March 4th, 2011
By: Rick Santelli
I remember all too well my refrain in the fall of 2008: "It’s all about JOBS, JOBS, JOBS!"
We created 192,000 headline jobs in the February employment report. It’s not enough, but it certainly is welcome news and it is heading in the right direction — although too slowly.
We also learned from the February report that the unemployment rate finally trended below the psychologically important 9 percent mark. This is a very big development, considering the rate was pushing the 10 percent level several months ago.
Upon closer scrutiny though, there is another factor contributing to the drop that is not necessarily good news: The official size of the U.S. labor force is shrinking.

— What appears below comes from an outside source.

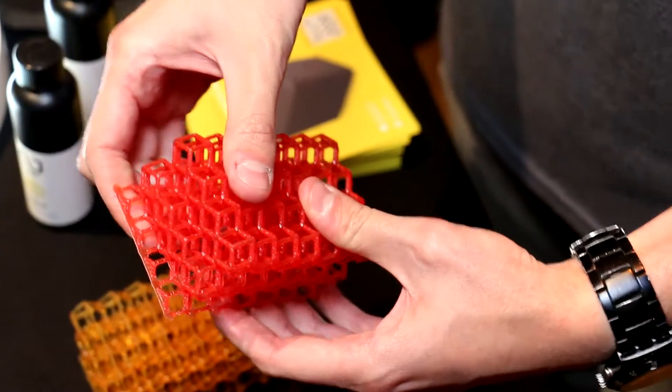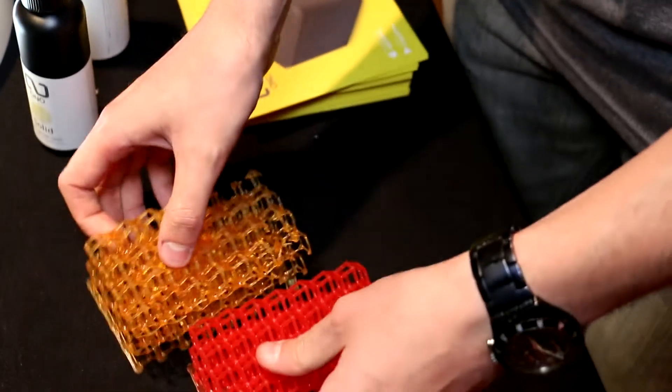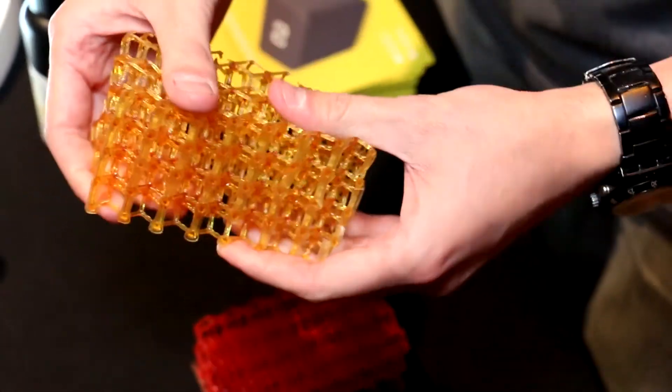We come with various different materials. We have a solid one which is very hard, a flexible one which is more like rubber, and other different colors in between.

The Bureau of Labor Statistics publishes the “Labor Force Participation Rate” each month, along with a litany of other metrics that are used to give us the headline jobs number and the unemployment rate.
The government's definition of the labor force is all individuals 16 years of age and older, who are employed or seeking employment. It does not include students; retirees; anyone with unreported income, or "discouraged" workers.
The participation rate is the comparison of the "labor force," those looking for work or employed, and everyone else. That ratio is currently 64.2 percent seasonally adjusted, and 63.9 percent non-seasonally adjusted, the same level as last month. Both of those percentages are currently running at 27-year lows, meaning the percentage of Americans not working or even trying to join the work force is at a near three-decade high.
The last time the participation rate was above 66 percent — the 10-year average — was in August 2008.
It is imperative that we continue to monitor this relationship in order to determine if an improving unemployment rate means that American workers are finding jobs, or have just given up looking.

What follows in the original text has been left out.